Is A History Of Violence specifically about America?

I don't think so. You know, there's a saying in art that in order to be universal you must be specific. So I think every artist feels that he is dealing with specific things but that it also has significance universally. I don't think of this film as an attack on America. Having said that it is specifically about a mythology of America, which is a western mythology, which is also a cinema mythology, of a man standing alone, defending his family with a gun against other men with guns. And that's very, very American. And one could say that the Bush administration has adopted that mythology as its foreign policy. You know, we were attacked and so anything we do to defend ourselves is justified. So to that extent it is a criticism of America now. But at the same time violence is a universal human fact, and a very complex one.

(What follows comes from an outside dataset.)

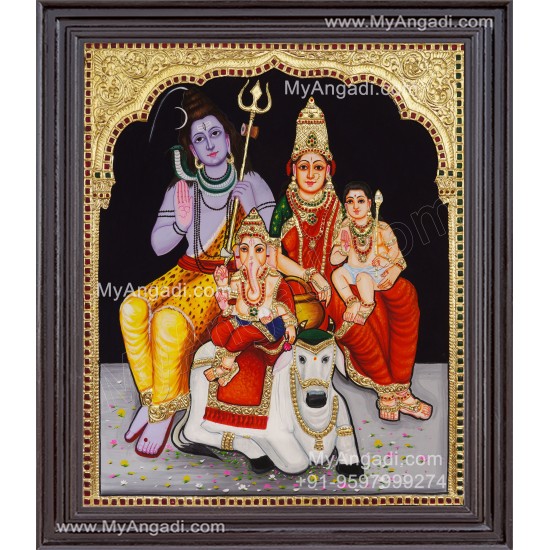 Shivan Parivar Tanjore Painting
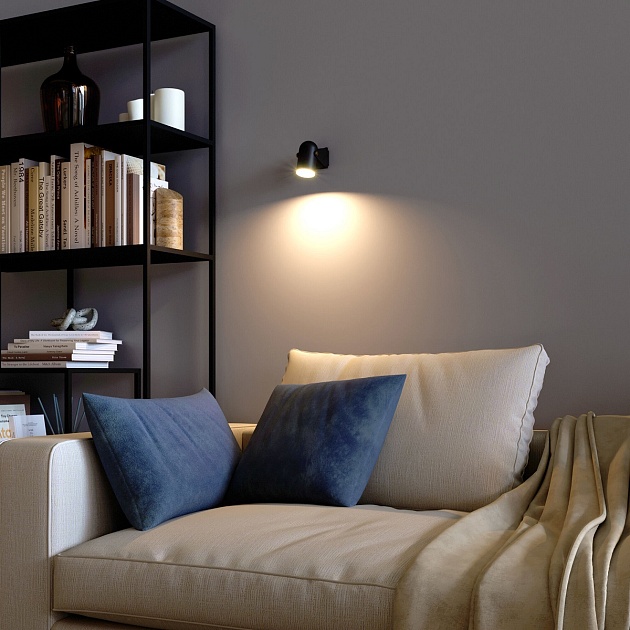 Светодиодный спот Eurosvet Snap 20167/1 черный изображение 3 Светодиодный спот Eurosvet Snap 20167/1 черный Фото № 3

Tell me about your take on the media's fascination with violence in the film.

Well it was done very simply but I think a lot of the paranoia that you find, particularly in America but I think in other countries as well, about violence in the street comes from the media. Every moment of violence is amplified to the point where people who have never experienced violence still feel threatened all the time. So I think our awareness of violence and our feeling that it's right around the corner is so much from the media, not from our own experience. If you really analyse why you're feeling paranoid, it almost always has to do with CNN [laughs].

Do you think everybody has the capacity for violence?

Maybe not everybody but most people, I think, under the right circumstances could do something like this.

How easy is it to get the films that you want to make financed? There does seem to be fewer producers around who are willing to take risks.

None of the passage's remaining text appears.